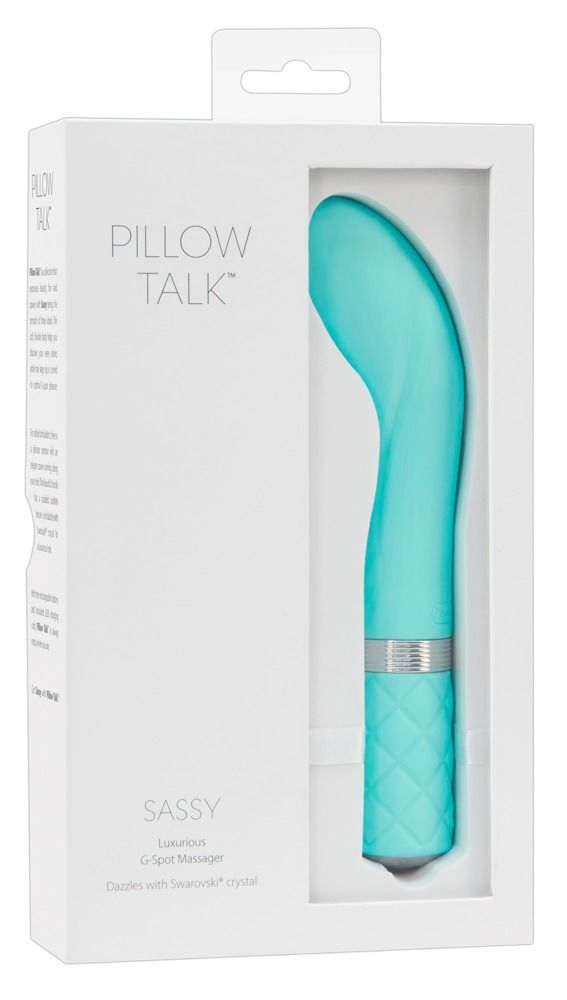 Verpackung mit türkisfarbenem Vibrator. Aufschrift: PILLOW TALK, SASSY, G-Spot Massager.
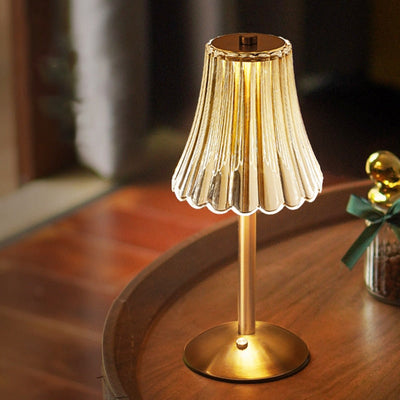 Golden Crystal Table Lamp | Rechargable Battery | Cordless Design | Easily adjustable | Warm Glow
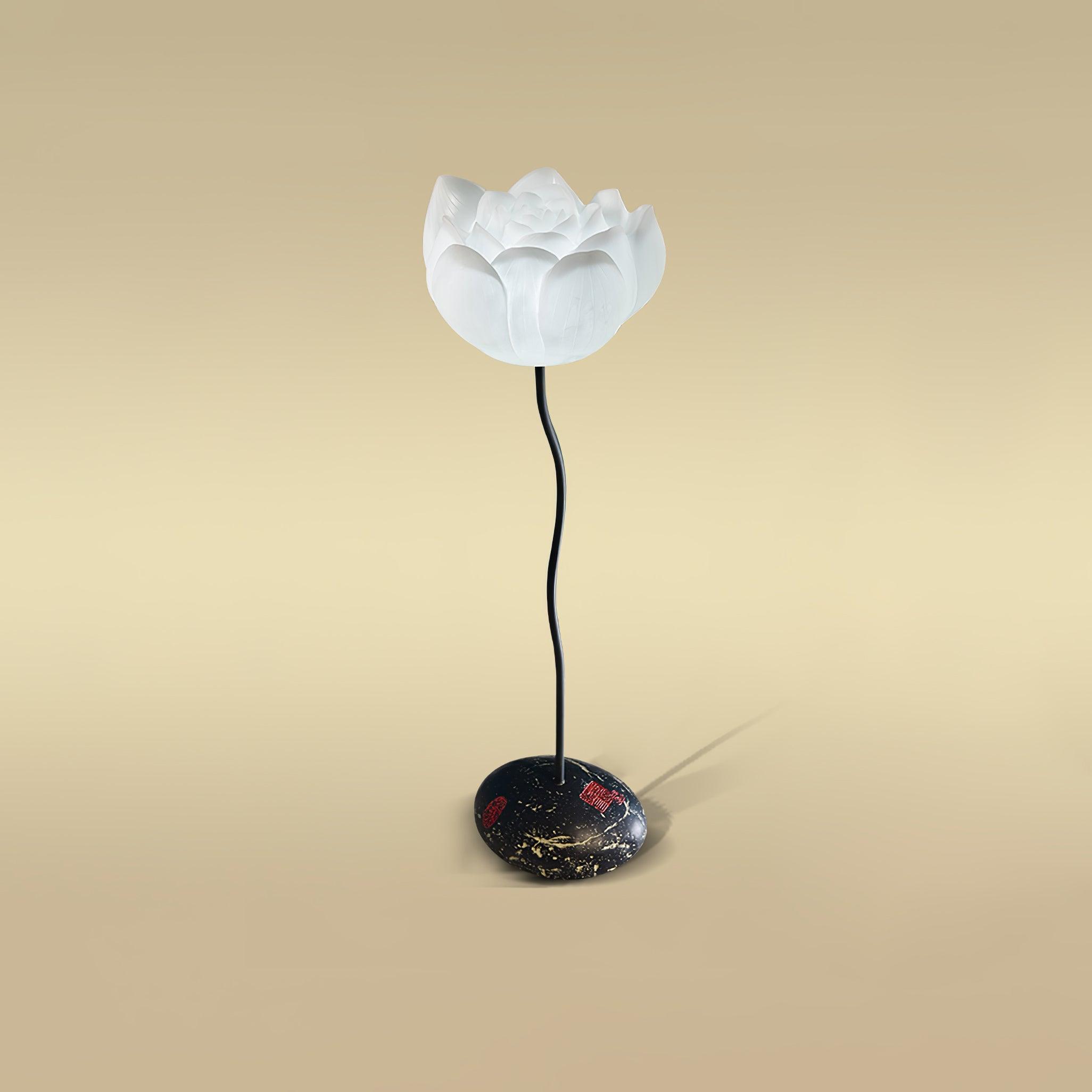 Elegant Lotus Resin Floor Lamp Floral Decorative Standing Light for Living Room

──────────────────────────────

▸ **The problem**
Restate the data above word for word, omitting every picture.

▸ **Task answer**
 Verpackung mit türkisfarbenem Vibrator. Aufschrift: PILLOW TALK, SASSY, G-Spot Massager.
 Golden Crystal Table Lamp | Rechargable Battery | Cordless Design | Easily adjustable | Warm Glow
 Elegant Lotus Resin Floor Lamp Floral Decorative Standing Light for Living Room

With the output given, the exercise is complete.